Walk carefully, I heard Kath advising in that infuriatingly correct way of hers, so as not to aggravate your knees. During the past few days it had become frighteningly clear how central Kath was in my heart. I should never have left. What would have happened if we had gone to Davis together? Perhaps I could have helped her through the abortion … walking cross-country now, I simply followed the sun; you don't need a compass when the sun signals west and east … perhaps Sari would have been able to talk with me … yes, I was on the right track now, I was almost sure … perhaps I could have helped Mother break away from Father before her life got completely waterlogged … really this was going fine … why had I been so anal these last six days about sticking to trails? … perhaps everyone would have been better off if I had stayed in California. No, not everyone. Leaving had meant saving my own skin, my own semblance of sanity. So as much as I regretted losing the West, I couldn't have done it differently. OK, it hadn't worked out all that well, but my real grandiosity was in believing I could orchestrate a perfect life.

My body yearned for Simon and Taylor—to touch their faces, to hold them close. Until I had given birth I hadn't realized that motherhood was such a lifetime physical bond, not just me to them, but them to me. Being a mother had widened my circle of compassion metaphorically, literally. There was incomparable pleasure in comforting them with my body, aiding them, locating my own strong tenderness, and such poignancy in seeing them grow up. At this moment, I wanted nothing so much as to walk into their room and watch their sleeping faces.

My knee was throbbing intensely now. I forced myself to look at the time: 6:30. Jesus, I must be walking the wrong way. Even if I could retrace my steps, it would be dark by the time I reached the turnoff.

Then, abruptly: a trail appeared to the left. Probably smarter to keep traveling in this direction, going somewhere. But I'd have to watch the knee. To distract myself and maintain courage, to scare away animals, I began to sing, “Let there be peace on earth and let it begin with me …” I didn't want to end up as a midnight snack for Mama Bear and her cubs.

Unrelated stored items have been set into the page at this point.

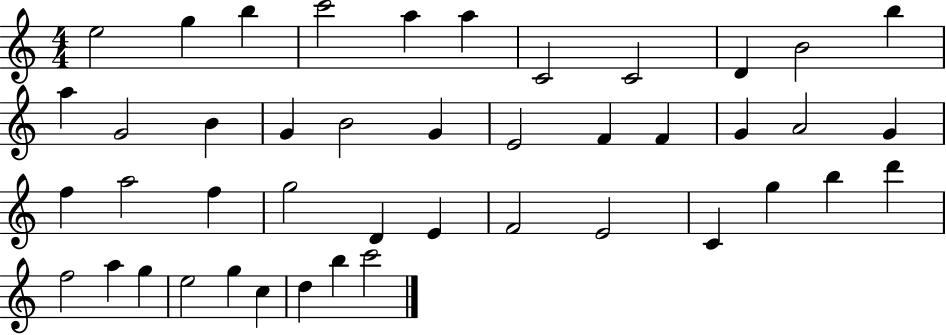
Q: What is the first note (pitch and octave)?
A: E5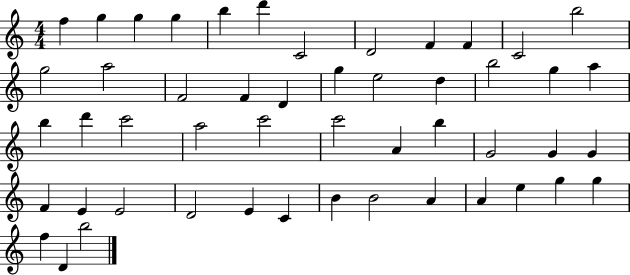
{
  \clef treble
  \numericTimeSignature
  \time 4/4
  \key c \major
  f''4 g''4 g''4 g''4 | b''4 d'''4 c'2 | d'2 f'4 f'4 | c'2 b''2 | \break g''2 a''2 | f'2 f'4 d'4 | g''4 e''2 d''4 | b''2 g''4 a''4 | \break b''4 d'''4 c'''2 | a''2 c'''2 | c'''2 a'4 b''4 | g'2 g'4 g'4 | \break f'4 e'4 e'2 | d'2 e'4 c'4 | b'4 b'2 a'4 | a'4 e''4 g''4 g''4 | \break f''4 d'4 b''2 | \bar "|."
}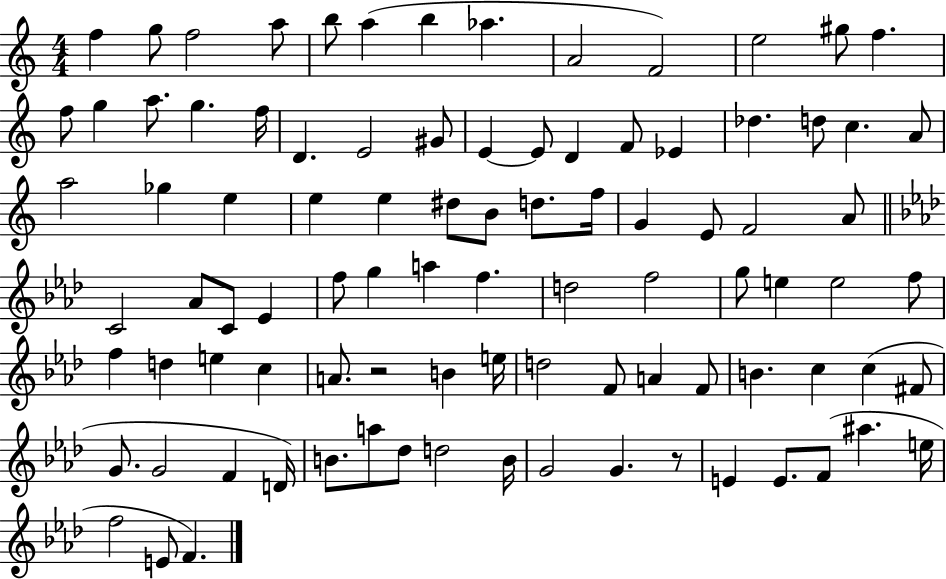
{
  \clef treble
  \numericTimeSignature
  \time 4/4
  \key c \major
  f''4 g''8 f''2 a''8 | b''8 a''4( b''4 aes''4. | a'2 f'2) | e''2 gis''8 f''4. | \break f''8 g''4 a''8. g''4. f''16 | d'4. e'2 gis'8 | e'4~~ e'8 d'4 f'8 ees'4 | des''4. d''8 c''4. a'8 | \break a''2 ges''4 e''4 | e''4 e''4 dis''8 b'8 d''8. f''16 | g'4 e'8 f'2 a'8 | \bar "||" \break \key aes \major c'2 aes'8 c'8 ees'4 | f''8 g''4 a''4 f''4. | d''2 f''2 | g''8 e''4 e''2 f''8 | \break f''4 d''4 e''4 c''4 | a'8. r2 b'4 e''16 | d''2 f'8 a'4 f'8 | b'4. c''4 c''4( fis'8 | \break g'8. g'2 f'4 d'16) | b'8. a''8 des''8 d''2 b'16 | g'2 g'4. r8 | e'4 e'8. f'8( ais''4. e''16 | \break f''2 e'8 f'4.) | \bar "|."
}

“This little light of mine …”

Sky was dimming. A wind came up. I studied branches scattered on the trail as if they were some sort of magical calligraphy. But their messages were indecipherable. Pulling my hat farther down over my ears, I plodded on.

“You are my sunshine, my only sunshine …” I hummed, having just about exhausted my voice and my repertoire. I thought of Poor Tom walking Gloucester across the heath. How much was masquerade? How much was the opposite, a sort of discovery of himself in that costume? How much sense was I making? Not much. I was still alive, but was I still awake? I shouldn't be awake, I knew. I would need my strength to find camp when light returned tomorrow. Tomorrow I would go home, back to California, find Kath in camp. Poor Kath must be worried sick, poor Kath.

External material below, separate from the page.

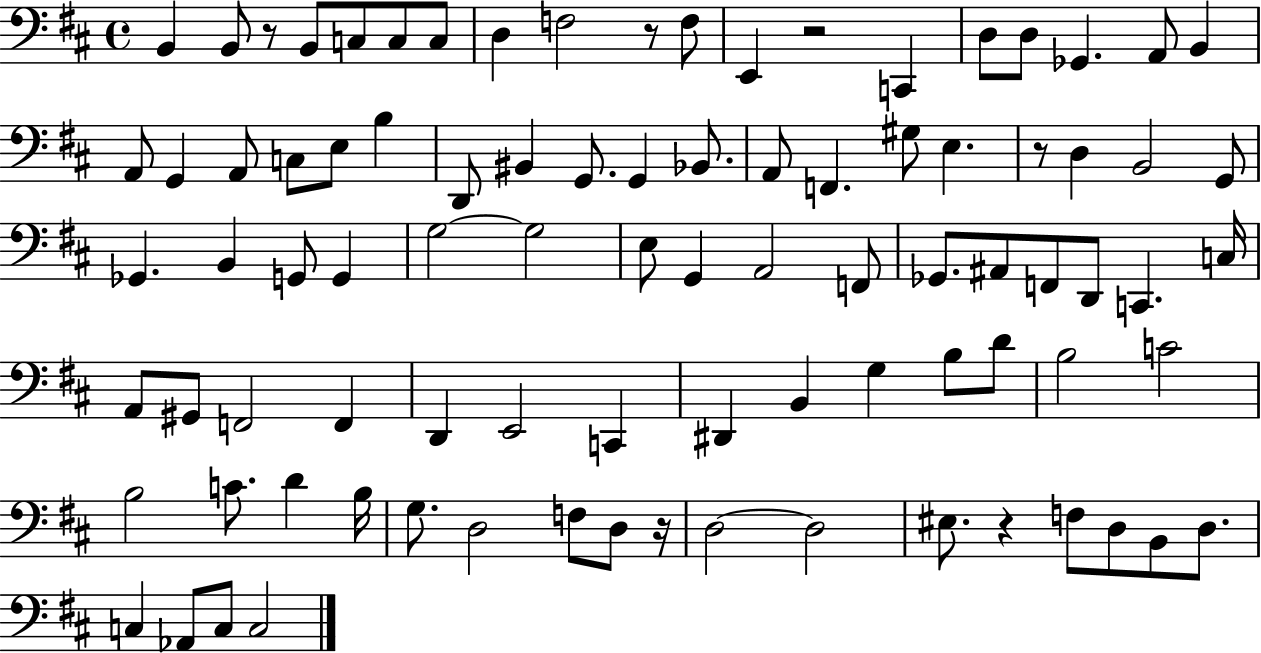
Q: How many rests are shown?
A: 6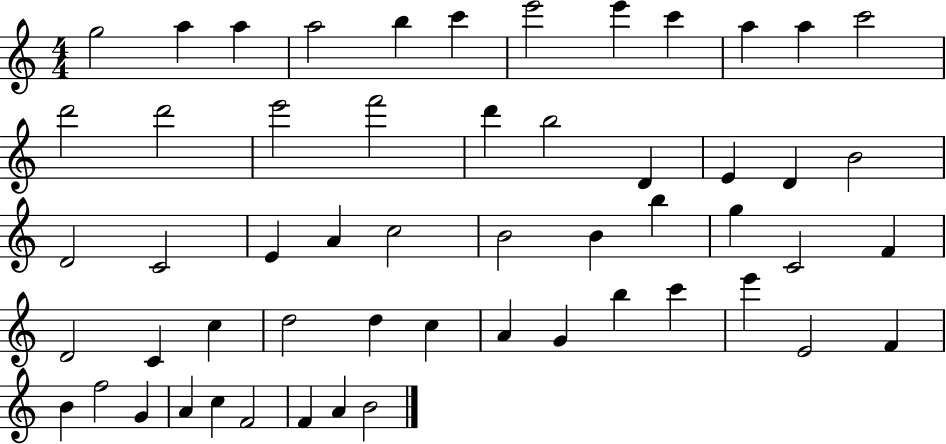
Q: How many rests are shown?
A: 0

This site—nestled against a broad boulder, under a canopy­ of trees—was as good as any. I spread my poncho on the ground and scrunched up to conserve heat. Sure, this would be fine. I couldn't continue walking in my dazed state. I felt grateful that exhaustion forced the decision, grateful that in the end, body ruled mind and my eyes closed under heavy lids.

Tick. Tick. Not my watch. A rattler? If only I had a flashlight. I was surprised how much I could see in the dark, cones or rods? Biology had never been my subject. With the cloud cover, I could make out a fair amount. The noise ceased. A rattler poised to strike? Breathe in … out … in … out. One minute. Fifteen minutes, half an hour later, I understood it wasn't a rattler's sound. Perhaps a hungry cougar. Apparently, cougars had been feeding on mountain sheep being reintroduced by the Park Service. A wounded cougar, stumbling across a long-awaited dinner. Breakfast. Tomorrow couldn't be that far away.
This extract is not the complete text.